I have a large set of names (millions in number). Each of them has a first name, an optional middle name, and a lastname. I need to encode these names into a number that uniquely represents the names. The encoding should be one-one, that is a name should be associated with only one number, and a number should be associated with only one name.
What is a smart way of encoding this? I know it is easy to tag each alphabet of the name according to its position in the alphabet set (a-> 1, b->2.. and so on) and so a name like Deepa would get -> 455161, but again here I cannot make out if the '16' is really 16 or a combination of 1 and 6.

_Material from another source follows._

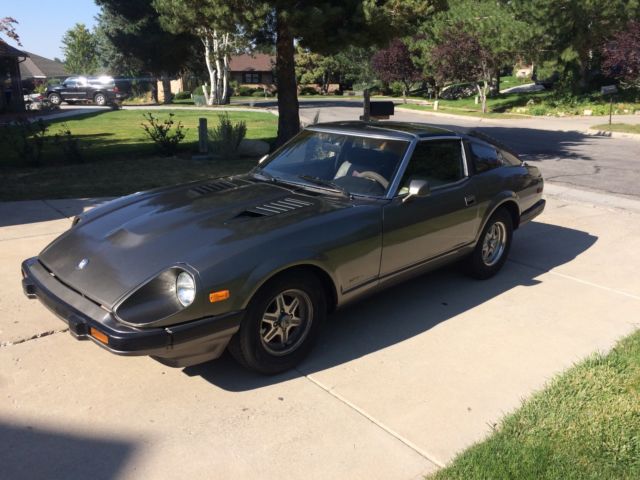1983 Gray Nissan 280ZX Hatchback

So, I am looking for a smart way of encoding the names.
Furthermore, the encoding should be such that the number of digits in the output numeral for any name should have fixed number of digits, i.e., it should be independent of the length. Is this possible?
Thanks
Abhishek S
To get the same width numbers, can't you just zero-pad on the left?
Some options:
Sort them. Count them. The 10th name is number 10.
Treat each character as a digit in a base 26 (case insensitive, no
digits) or 52 (case significant, no digits) or 36 (case insensitive
with digits) or 62 (case sensitive with digits) number. Compute the
value in an int. EG, for a name of "abc", you'd have 0 * 26^2 + 1 *
26^1 + 2 * 20^0. Sometimes Chinese names may use digits to indicate tonality.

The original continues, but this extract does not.